Reproducible runs in CI. Pin everything: Python, torch, CUDA, NumPy, system OS. Use a hashed lockfile. Set determinism flags. Save the run's full provenance (config, git sha, data hash) as an artefact.
Model evaluation gates. A model is only promoted if it beats the production baseline on held-out evals and clears subgroup-specific bars (no regressions on minority groups). Tools: model registries (MLflow, W&B), promotion workflows, model cards.
Data drift checks in CI. Before retraining, validate that the new data matches the schema and distribution of training data within thresholds. Great Expectations + a GH Action runs this on every data update.
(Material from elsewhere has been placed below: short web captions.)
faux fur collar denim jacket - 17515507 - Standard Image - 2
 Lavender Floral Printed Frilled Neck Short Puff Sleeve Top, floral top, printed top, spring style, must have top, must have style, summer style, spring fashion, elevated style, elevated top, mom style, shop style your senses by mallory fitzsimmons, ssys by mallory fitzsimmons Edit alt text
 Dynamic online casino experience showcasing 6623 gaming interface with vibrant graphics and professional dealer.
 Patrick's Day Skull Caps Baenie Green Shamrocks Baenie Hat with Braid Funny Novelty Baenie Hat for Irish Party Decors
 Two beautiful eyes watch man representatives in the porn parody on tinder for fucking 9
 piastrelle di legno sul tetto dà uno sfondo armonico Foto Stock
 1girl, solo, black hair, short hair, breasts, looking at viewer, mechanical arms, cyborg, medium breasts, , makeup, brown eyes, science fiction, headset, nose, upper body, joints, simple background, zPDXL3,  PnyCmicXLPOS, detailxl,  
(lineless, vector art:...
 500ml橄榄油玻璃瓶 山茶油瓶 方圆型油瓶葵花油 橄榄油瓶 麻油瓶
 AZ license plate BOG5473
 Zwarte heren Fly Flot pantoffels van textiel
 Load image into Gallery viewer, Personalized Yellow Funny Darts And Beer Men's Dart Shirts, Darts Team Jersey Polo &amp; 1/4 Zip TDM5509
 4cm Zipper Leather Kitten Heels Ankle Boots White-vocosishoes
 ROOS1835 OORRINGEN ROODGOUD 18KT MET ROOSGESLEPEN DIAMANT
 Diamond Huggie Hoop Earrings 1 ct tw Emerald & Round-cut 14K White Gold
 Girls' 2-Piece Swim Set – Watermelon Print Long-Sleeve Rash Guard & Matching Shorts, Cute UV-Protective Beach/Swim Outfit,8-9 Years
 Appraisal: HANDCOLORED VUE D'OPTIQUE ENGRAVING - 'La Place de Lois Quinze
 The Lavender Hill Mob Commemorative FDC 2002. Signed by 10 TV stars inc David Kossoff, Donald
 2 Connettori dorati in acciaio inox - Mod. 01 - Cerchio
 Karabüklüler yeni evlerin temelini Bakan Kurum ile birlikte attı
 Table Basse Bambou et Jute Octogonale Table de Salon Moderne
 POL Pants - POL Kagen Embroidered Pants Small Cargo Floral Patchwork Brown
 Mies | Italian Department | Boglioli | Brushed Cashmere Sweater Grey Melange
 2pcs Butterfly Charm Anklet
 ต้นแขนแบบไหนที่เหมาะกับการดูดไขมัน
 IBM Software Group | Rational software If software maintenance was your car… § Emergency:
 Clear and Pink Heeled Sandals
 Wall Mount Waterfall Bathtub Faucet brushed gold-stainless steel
Security & supply chain. Pip-audit or safety on every PR. Dependabot for automated security updates. SBOM generation. Pin git submodules / external models by SHA.
Cost monitoring. Track CI / training cost per PR. Quotas per team. Alert when a run uses 10× normal compute — usually means a bug.
Self-hosted runners. For GPU jobs or special hardware. Manage scaling (Karpenter, RunPod) so you only pay for time you use. Worth it when GitHub-hosted GPU pricing exceeds your dedicated-runner cost.
Release engineering. Semantic versioning for the package; a separate version for the trained model (commit + checkpoint id). Changelog auto-generation from conventional commits.